Namun, yang lain, berpuisi liris tentang “visinya”, “keindahan” dialognya, dan penemuan kembali teknisnya terhadap genre eksploitasi tahun 70-an. Perspektif ini dibenarkan dengan menggunakan bahasa dan pengetahuan yang tinggi.
Apa hubungannya ini dengan film noir? Ya, ini tentang film, mengapa film dibuat, dan apa yang membuatnya bernilai.

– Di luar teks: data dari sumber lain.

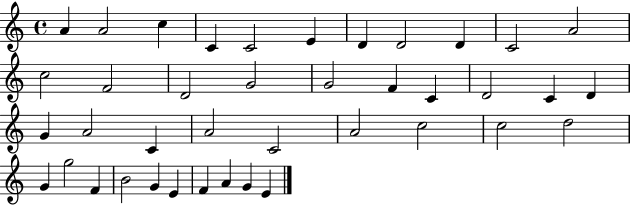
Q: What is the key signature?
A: C major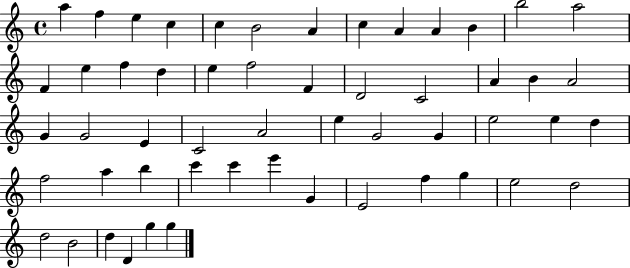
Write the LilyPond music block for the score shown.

{
  \clef treble
  \time 4/4
  \defaultTimeSignature
  \key c \major
  a''4 f''4 e''4 c''4 | c''4 b'2 a'4 | c''4 a'4 a'4 b'4 | b''2 a''2 | \break f'4 e''4 f''4 d''4 | e''4 f''2 f'4 | d'2 c'2 | a'4 b'4 a'2 | \break g'4 g'2 e'4 | c'2 a'2 | e''4 g'2 g'4 | e''2 e''4 d''4 | \break f''2 a''4 b''4 | c'''4 c'''4 e'''4 g'4 | e'2 f''4 g''4 | e''2 d''2 | \break d''2 b'2 | d''4 d'4 g''4 g''4 | \bar "|."
}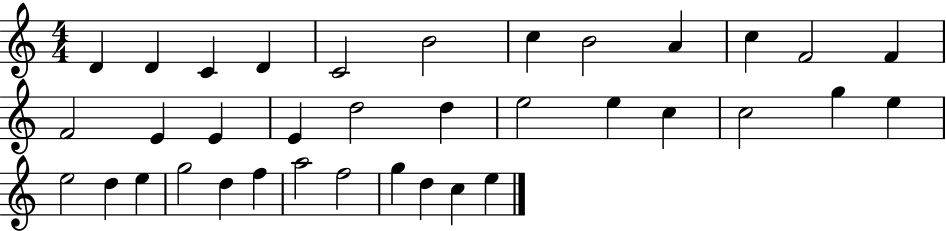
X:1
T:Untitled
M:4/4
L:1/4
K:C
D D C D C2 B2 c B2 A c F2 F F2 E E E d2 d e2 e c c2 g e e2 d e g2 d f a2 f2 g d c e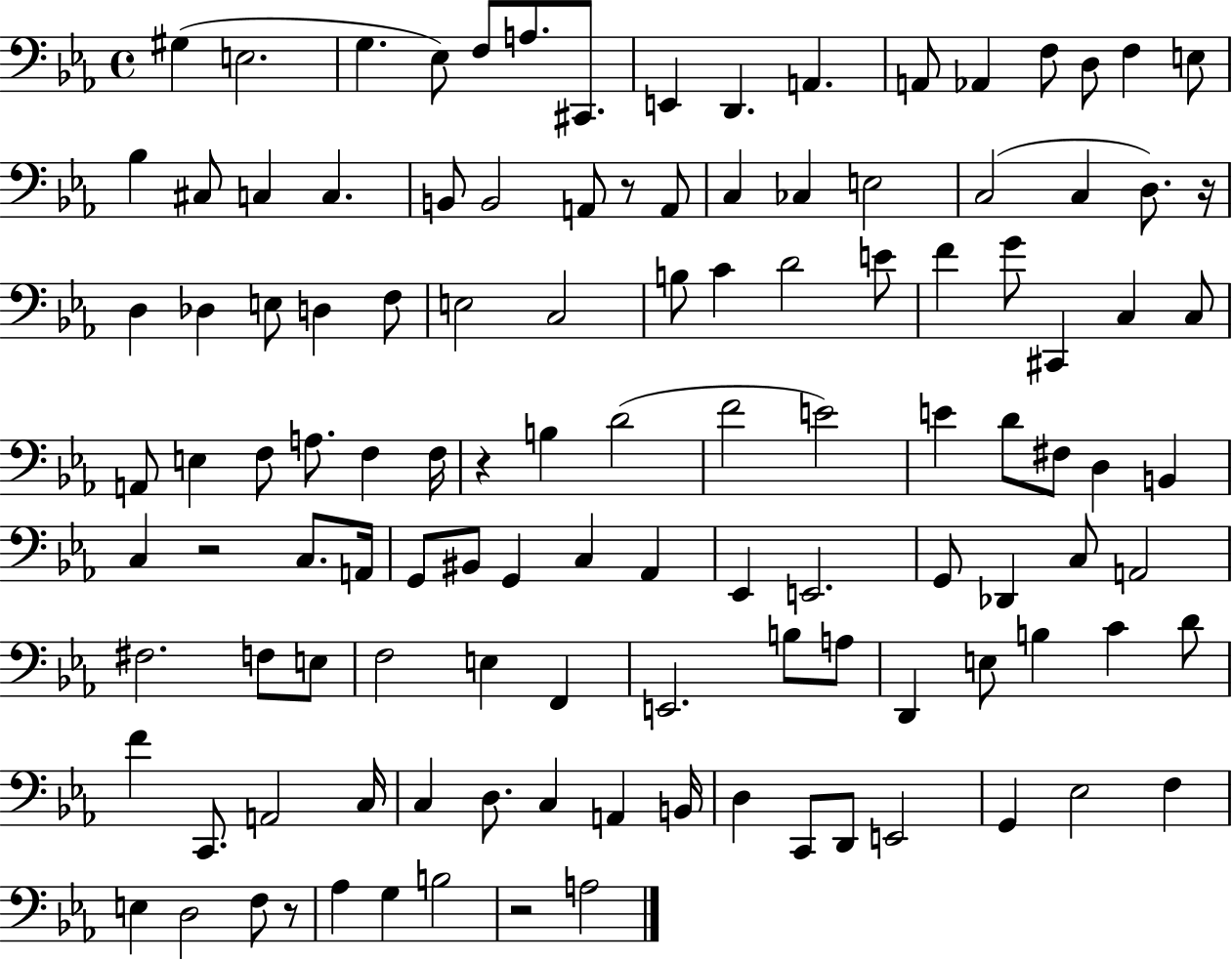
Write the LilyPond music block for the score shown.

{
  \clef bass
  \time 4/4
  \defaultTimeSignature
  \key ees \major
  gis4( e2. | g4. ees8) f8 a8. cis,8. | e,4 d,4. a,4. | a,8 aes,4 f8 d8 f4 e8 | \break bes4 cis8 c4 c4. | b,8 b,2 a,8 r8 a,8 | c4 ces4 e2 | c2( c4 d8.) r16 | \break d4 des4 e8 d4 f8 | e2 c2 | b8 c'4 d'2 e'8 | f'4 g'8 cis,4 c4 c8 | \break a,8 e4 f8 a8. f4 f16 | r4 b4 d'2( | f'2 e'2) | e'4 d'8 fis8 d4 b,4 | \break c4 r2 c8. a,16 | g,8 bis,8 g,4 c4 aes,4 | ees,4 e,2. | g,8 des,4 c8 a,2 | \break fis2. f8 e8 | f2 e4 f,4 | e,2. b8 a8 | d,4 e8 b4 c'4 d'8 | \break f'4 c,8. a,2 c16 | c4 d8. c4 a,4 b,16 | d4 c,8 d,8 e,2 | g,4 ees2 f4 | \break e4 d2 f8 r8 | aes4 g4 b2 | r2 a2 | \bar "|."
}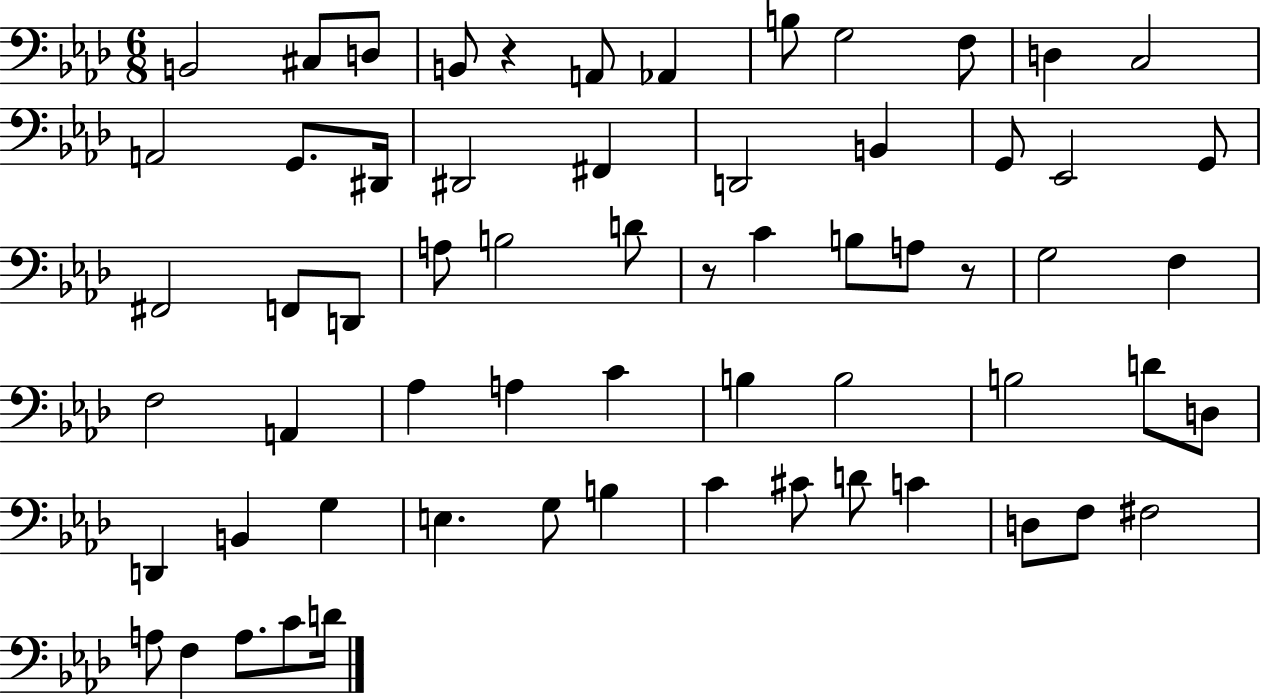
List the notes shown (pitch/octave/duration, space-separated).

B2/h C#3/e D3/e B2/e R/q A2/e Ab2/q B3/e G3/h F3/e D3/q C3/h A2/h G2/e. D#2/s D#2/h F#2/q D2/h B2/q G2/e Eb2/h G2/e F#2/h F2/e D2/e A3/e B3/h D4/e R/e C4/q B3/e A3/e R/e G3/h F3/q F3/h A2/q Ab3/q A3/q C4/q B3/q B3/h B3/h D4/e D3/e D2/q B2/q G3/q E3/q. G3/e B3/q C4/q C#4/e D4/e C4/q D3/e F3/e F#3/h A3/e F3/q A3/e. C4/e D4/s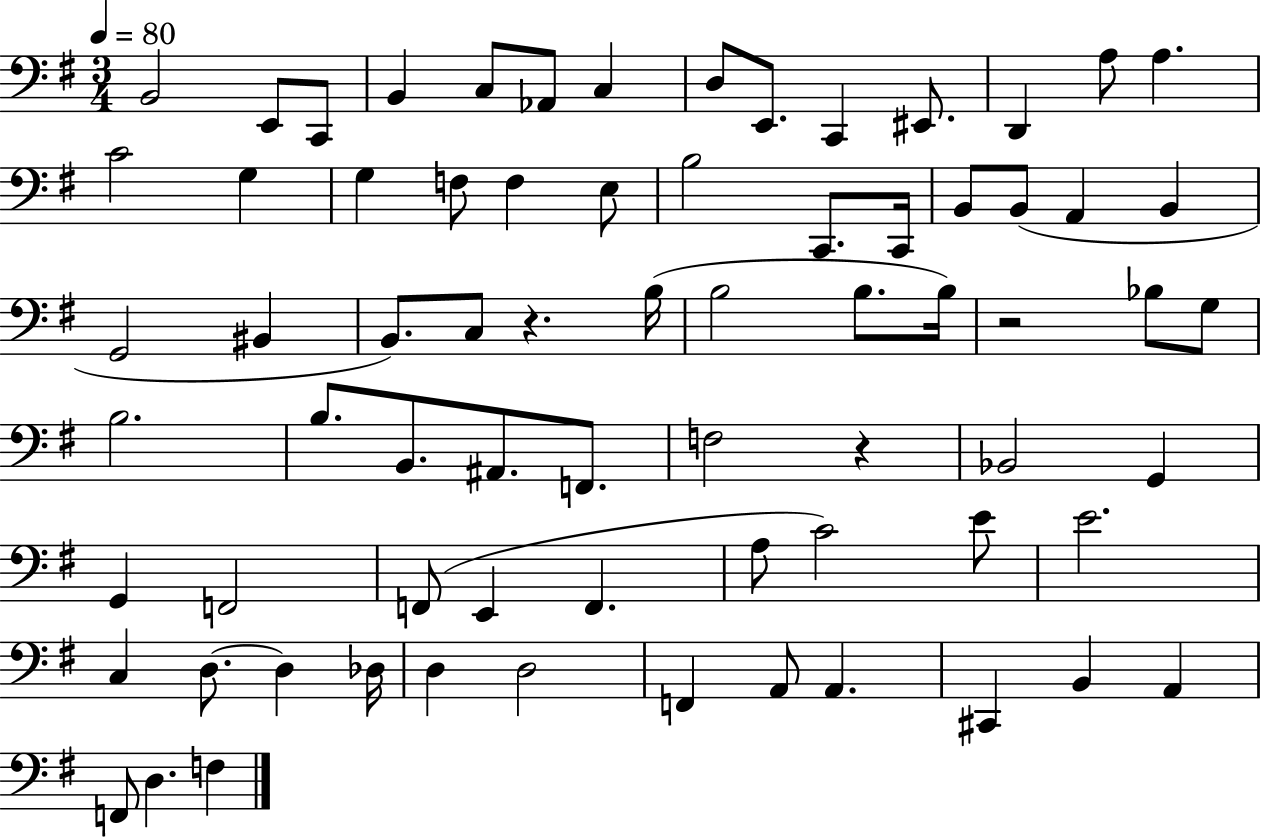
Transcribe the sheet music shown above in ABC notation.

X:1
T:Untitled
M:3/4
L:1/4
K:G
B,,2 E,,/2 C,,/2 B,, C,/2 _A,,/2 C, D,/2 E,,/2 C,, ^E,,/2 D,, A,/2 A, C2 G, G, F,/2 F, E,/2 B,2 C,,/2 C,,/4 B,,/2 B,,/2 A,, B,, G,,2 ^B,, B,,/2 C,/2 z B,/4 B,2 B,/2 B,/4 z2 _B,/2 G,/2 B,2 B,/2 B,,/2 ^A,,/2 F,,/2 F,2 z _B,,2 G,, G,, F,,2 F,,/2 E,, F,, A,/2 C2 E/2 E2 C, D,/2 D, _D,/4 D, D,2 F,, A,,/2 A,, ^C,, B,, A,, F,,/2 D, F,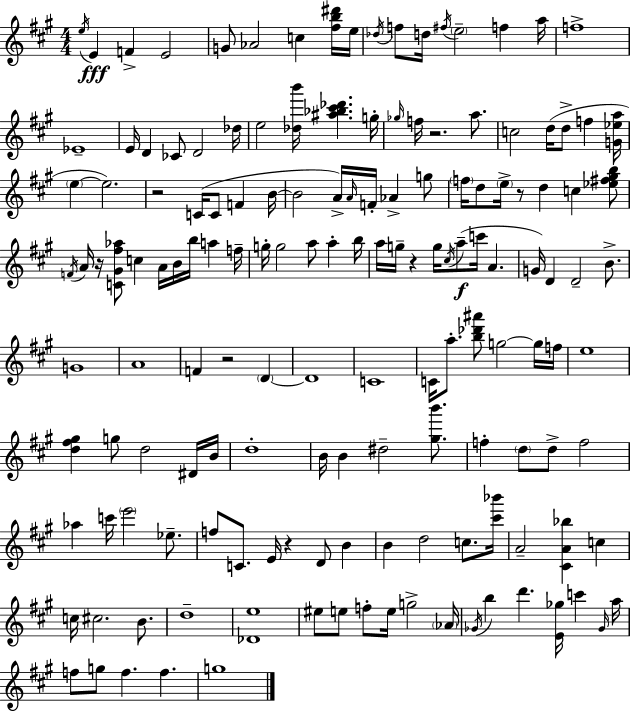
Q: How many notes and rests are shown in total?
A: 151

Film pada dasarnya adalah hiburan, film Hollywood, dan komoditas yang diproduksi untuk keuntungan. Entah bagaimana, usaha ini telah menghasilkan dan terus menghasilkan film yang tidak hanya memiliki daya tarik yang luas tetapi juga bernilai sebagai karya seni pada tingkat yang lebih rendah atau lebih tinggi. Film-film noir yang hebat memiliki daya tarik populer dan nilai artistik karena temanya membahas kondisi manusia dan kelemahan kehidupan normal, yang setiap saat dapat terjerumus ke dalam jurang kekacauan, melalui kebetulan atau tindakan individu – tidak bersalah atau tidak. Bagaimana ambivalensi moral, nafsu, cinta, dan keserakahan dapat menghancurkan kehidupan dieksplorasi di luar realisme romantis yang tertutup dari film-film arus utama.
Apa yang ditawarkan film-film Tarantino selain daya tarik bagi sekelompok penggemar yang lebih mengutamakan teknik daripada konten? Kekerasan, kriminalitas, dan kehinaan sebagai gaya urban yang keren.